2. Diversion — BGP route advertisement reroutes traffic for the attacked prefix to a scrubbing center.
3. Cleaning — the scrubbing center filters out malicious traffic and forwards only legitimate packets.
4. Re-injection — clean traffic flows back to your network through a GRE tunnel or direct cross-connect.

Modern scrubbing infrastructures handle multi-Tbps attacks across globally distributed PoPs.

Always-On vs On-Demand

Always-On

All your traffic flows through the scrubber, all the time. Highest protection, slight latency overhead, more expensive.

On-Demand

Traffic flows directly until an attack is detected, then BGP diverts. Cheaper, but the diversion takes 30–120 seconds — during which you may be partially down.

Best practice: always-on for critical services, on-demand for less critical ones.

BGP Blackholing (RTBH)

Remotely Triggered Blackhole is the simplest DDoS response: drop all traffic to the attacked IP. You announce a /32 with a special community (typically 666 or a provider-specific value), and your upstream drops everything destined for that IP.
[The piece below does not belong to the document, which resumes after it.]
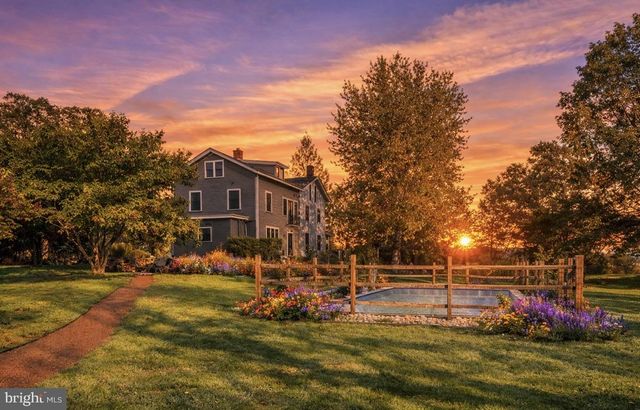 3307 WINDY BUSH RD, New Hope, PA 18938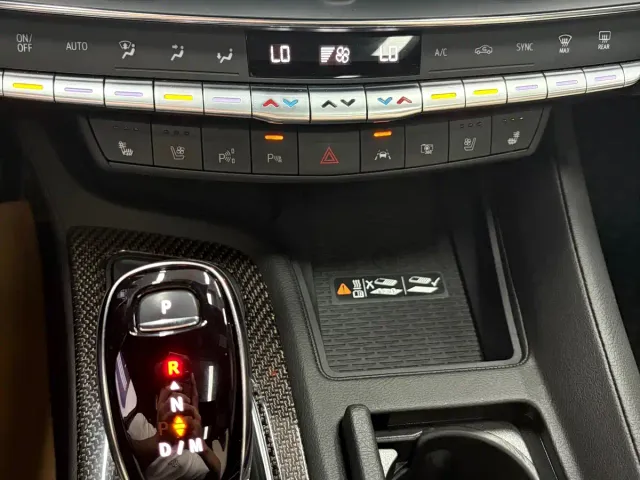 Cadillac CT5 — Фото автомобиля 20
This stops the attack from saturating your pipe — but it also takes the attacked service completely offline. It's a sacrifice play, useful when only one IP is being targeted and the alternative is the entire network going down.

What to Look for in a DDoS-Protected Provider

• Network capacity — provider must have multi-Tbps scrubbing capacity to handle modern attacks.
• Detection time — under 30 seconds is good, under 10 is excellent.
• Mitigation time — how fast does the scrubber start cleaning?
• Layer 7 protection — pure network scrubbing won't stop HTTP floods.
• Always-on option — for revenue-critical services.
• BGP community support — for blackholing and FlowSpec.
• Reporting — post-attack reports help you understand what happened.
• SLA — uptime guarantees during attacks.
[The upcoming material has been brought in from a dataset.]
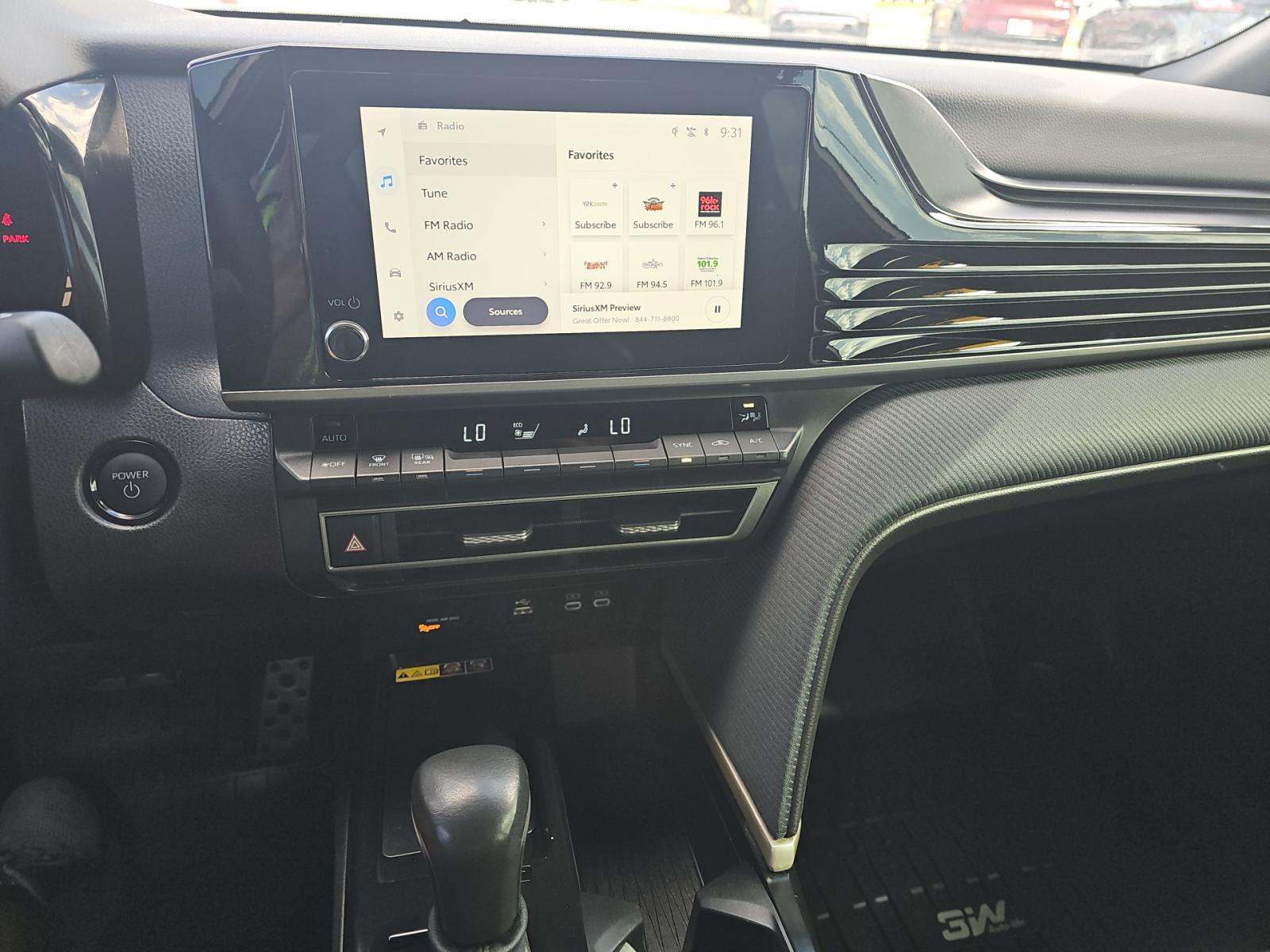 2025 Toyota Camry SE FWD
What to Look for in Your Own Network

• BCP 38 / source-address validation — don't be a source of reflection attacks.
• SYN cookie support — turn it on at every public-facing host.
• Sane connection limits — on every load balancer, firewall, and origin server.
• Monitoring and alerting — you need to know an attack is happening.
• Run-books — predefined steps for common attack types.

DDoS Protection at Noded

Noded includes DDoS protection on every IP transit port, with multi-Tbps scrubbing capacity, BGP blackhole communities, and on-demand diversion. For revenue-critical workloads, we offer always-on scrubbing with sub-10-second mitigation. Combined with our bare metal and VPS hosting, you get end-to-end protection from the network edge to the application.
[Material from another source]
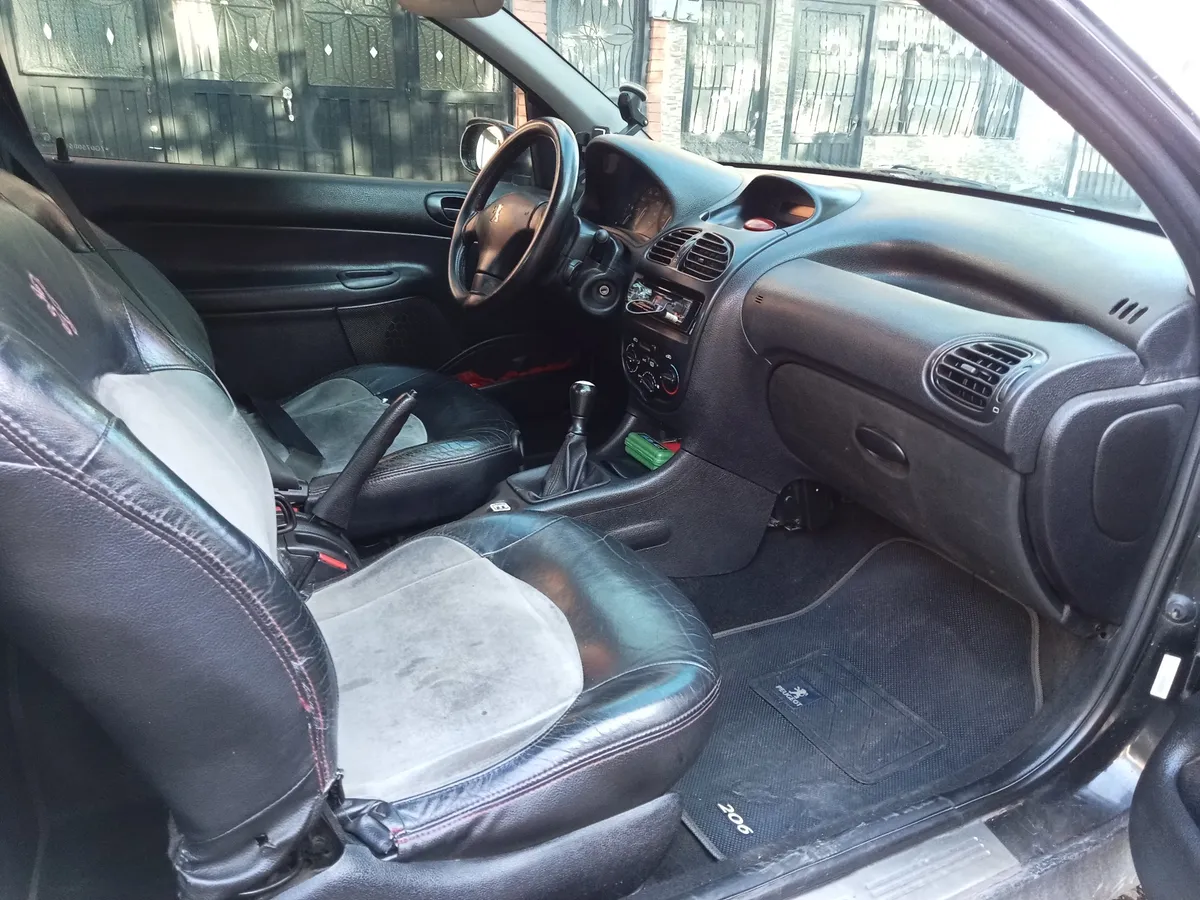 Peugeot 206 2007 Negro Madrid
Worried about an upcoming launch or recurring attacks? Talk to our team — we'll review your traffic profile and recommend the right protection level.

Frequently Asked Questions

How big is a typical DDoS attack in 2026?

Most attacks are still under 10 Gbps, but record-setting attacks now exceed 5 Tbps and 100 million packets per second. Application-layer attacks of millions of requests per second are routine.

Can a CDN protect me from DDoS?

For HTTP traffic, yes — major CDNs absorb most volumetric and many Layer 7 attacks. For non-HTTP services (game servers, custom protocols), you need a dedicated scrubber.

What is the difference between DoS and DDoS?

DoS comes from a single source; DDoS comes from many sources simultaneously. Modern attacks are essentially always distributed.

How long do DDoS attacks last?

Most are short — under 10 minutes — designed as smoke screens or extortion. Some last for days, especially during disputes or politically motivated campaigns.

Is DDoS protection expensive?

It varies. Basic always-on scrubbing typically adds 10–30% to bandwidth costs. Specialized always-on with Layer 7 WAF can be more. The cost of not having it — measured in lost revenue and reputation — is usually far higher.